The original concept of the American military was a group of civilians who assume the role of soldier for a brief period of time. Though time and advancements in the conduct of warfare gave rise to a professional standing military, it remains a force of volunteer citizen-soldiers. The Spartan civic model was the total opposite. Only men who’d graduated the agoge and reached the age of 30 in the army were recognized as full members of society — they were soldier-citizens. There are those who believe America would benefit if more citizens took part in national service programs after models like those proposed by Heinlein in Starship Troopers. But that argument is undermined whenever “the success of Sparta” is invoked as proof of its benefits. Sparta was utterly bereft in terms of architecture, literature, art, and science. Though much of our military inheritance comes from them, our politics and culture are all derived from Athens. Indeed, our best information about the Spartans comes from Athenian writers, for little from Sparta survived.
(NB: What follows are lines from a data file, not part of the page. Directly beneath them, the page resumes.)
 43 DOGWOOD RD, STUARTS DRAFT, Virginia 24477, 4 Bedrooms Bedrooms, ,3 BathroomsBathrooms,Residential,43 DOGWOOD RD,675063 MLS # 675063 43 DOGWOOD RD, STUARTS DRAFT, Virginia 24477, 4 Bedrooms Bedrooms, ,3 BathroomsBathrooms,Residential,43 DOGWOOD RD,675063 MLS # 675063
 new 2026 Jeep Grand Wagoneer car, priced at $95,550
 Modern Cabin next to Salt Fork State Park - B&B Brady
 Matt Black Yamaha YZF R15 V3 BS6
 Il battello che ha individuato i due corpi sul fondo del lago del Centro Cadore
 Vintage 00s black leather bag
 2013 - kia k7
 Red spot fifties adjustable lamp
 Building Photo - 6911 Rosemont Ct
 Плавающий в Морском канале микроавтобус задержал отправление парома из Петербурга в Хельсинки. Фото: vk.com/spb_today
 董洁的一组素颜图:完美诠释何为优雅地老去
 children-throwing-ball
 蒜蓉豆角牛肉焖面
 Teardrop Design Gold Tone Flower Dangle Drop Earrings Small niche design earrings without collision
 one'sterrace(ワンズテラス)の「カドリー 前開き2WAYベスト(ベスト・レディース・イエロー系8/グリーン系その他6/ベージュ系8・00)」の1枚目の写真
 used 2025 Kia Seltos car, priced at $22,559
The Spartan mindset in American military culture is hurtful on the individual servicemember, as well. Adding to the extant gap in civil-military relations a mental paradigm that military members are an entirely different nation only makes their reintegration after leaving the service more difficult. How much harder is it for a wounded or student veteran to reenter society when he’s been conditioned to believe he was destined to enter the military because he was always different from and superior to it? Such feelings of inadequacy can make one wonder why they left the service in the first place, leading to feelings of shame. And this is the most poisonous
aspect of the Spartan message.
The Spartan viewpoint reinforces the concept of brotherhood. Its inherent misogyny aside, the messaging of this concept embraces the phrase “death before dishonor.” There is no nobler act than to die for one’s comrades, and so this is held up as the epitome of Sparta in the tradition of Thermopylae. The antithesis of this ideal is desertion, and those who commit it are irredeemable in Spartan philosophy. This was demonstrated in the fates of two Spartan survivors of Thermopylae. One later committed suicide out of grief and shame; the other died leading a charge at the battle of Plataea. It is significant that they didn’t share the fate of their comrades because they were ordered off the field by Leonidas himself. No matter. That they did not shoulder their portion of the burden doomed them to the scorn of the Spartiate. Embracing this mantra today leads those who separate from the service under honorable conditions to still feel a sense of disgrace for leaving their comrades to carry on in battle. This can have extraordinary consequences for one already coping with physical or mental wounds.
This is not to say that a t-shirt or a poster is ruining civil-military relations. A little chest-thumping is even helpful at times, and the gleaming lambda shield and red-crested helmet do lend themselves to iconography. Yet it should be recognized that the American military is at a precarious crossroads. It has never been more popular with the American public, and it has never had greater need for public (read: taxpayer) support. But in the last five years, the military as a culture has become more resentful of civilian society than ever, while as an institution it has taken an unprecedented number of black eyes. Popularity should not be mistaken for good relations. The armed forces risk squandering public support with a self-righteousness that doesn’t match an emerging pattern of ethical failures. Military leaders have lamented for years now that civilian society’s failure to understand the military creates problems. The military is creating its own problems with its cultural messaging. It is perhaps time that the military embrace Fleming’s call for “military metaphysics,” before civilian backlash kicks the opportunity for discussion down the well.